Fewer Filipinos can afford medical care, says ADB study

Published by rudy Date posted on September 8, 2009

Fewer poor Filipinos are seeking treatment from private and government hospitals because of costlier medicines and healthcare services, an Asian Development Bank (ADB) study said.

The Manila-based lender said that utilization of healthcare in the Philippines declined at an annual rate of 4.7 percent from 1998 to 2007, or faster rate than the population growth of 2.3 percent.

The number of Filipinos going to government hospitals for treatment went down to 3.4 percent in 2007 from 3.70 in 1998; private hospitals, 2.25 percent from 3.06 percent; private clinics, 2.55 percent from 5.13 percent; rural health units (RHUs), 2.36 percent from 4.79 percent; and barangay (village) health stations (BHSs), 1.82 percent from 2.45 percent.

The ADB study said that the utilization of health services among the poor might have gone down more than among the rich because of “lack of ability to pay for health services.”

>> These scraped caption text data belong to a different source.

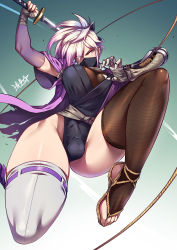 Rule 34 | 1futa, asymmetrical legwear, belt, breasts, brown thighhighs, bulge, cosplay, covered mouth, detached sleeves, erection, erection under clothes, fighting stance, fishnet thighhighs, fishnets, futanari, hair over one eye, hand wraps, heart, heart-shaped pupils, highres, holding, holding sword, holding weapon, indie virtual youtuber, japanese clothes, jumping, large breasts, leotard, leotard under clothes, light purple hair, mask, mechanical arms, mismatched legwear, mouth mask, ninja, ninja mask, ninjatou, prosthesis, prosthetic arm, qian er liang (virtual youtuber), rope, ryuusei (mark ii), sandals, sekiro, sekiro: shadows die twice, sekiro (cosplay), short sword, shuriken, shuriken hair ornament, single detached sleeve, single mechanical arm, solo, sword, symbol-shaped pupils, thick thighs, thighhighs, thighs, toes, updo, virtual youtuber, weapon, white thighhighs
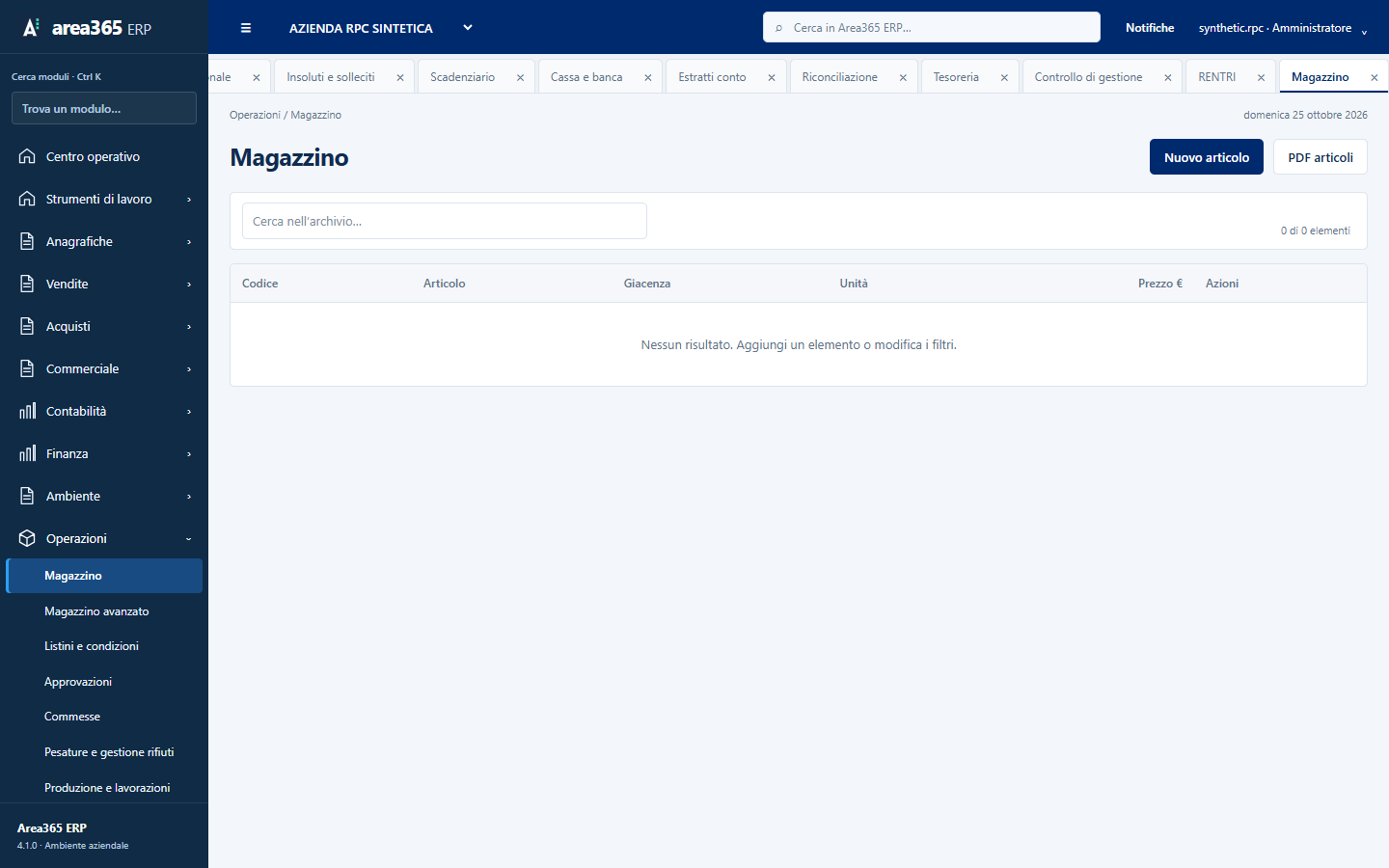 Anteprima interfaccia Magazzino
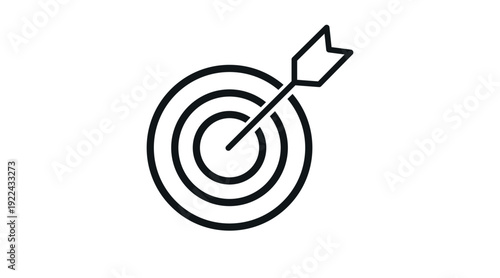 Clean black and white vector icon of a target with an arrow hitting the center, symbolizing goals, success, precision, strategy, and achievement. This minimalist, scalable design is perfect for busine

“Financial difficulties may have forced the poor to postpone seeking care until more severe stages of the illness, thus necessitating the bypass of primary basic-health facilities,” it added.

Costly medicines

Besides the higher cost of health services, ADB said that prices of medicines in the Philippines are among the highest in Asia.

“High pharmaceutical prices can deter people—particularly the poor who have lower capacity to pay—from utilizing healthcare,” it added.

ADB attributed the high prices of medicines to the relatively “monopolistic market” structure that is not countervailed by government and Philippine Health Insurance Corp. (PhilHealth) procurement policies on the demand side and by strong competition from generic drugs on the supply side.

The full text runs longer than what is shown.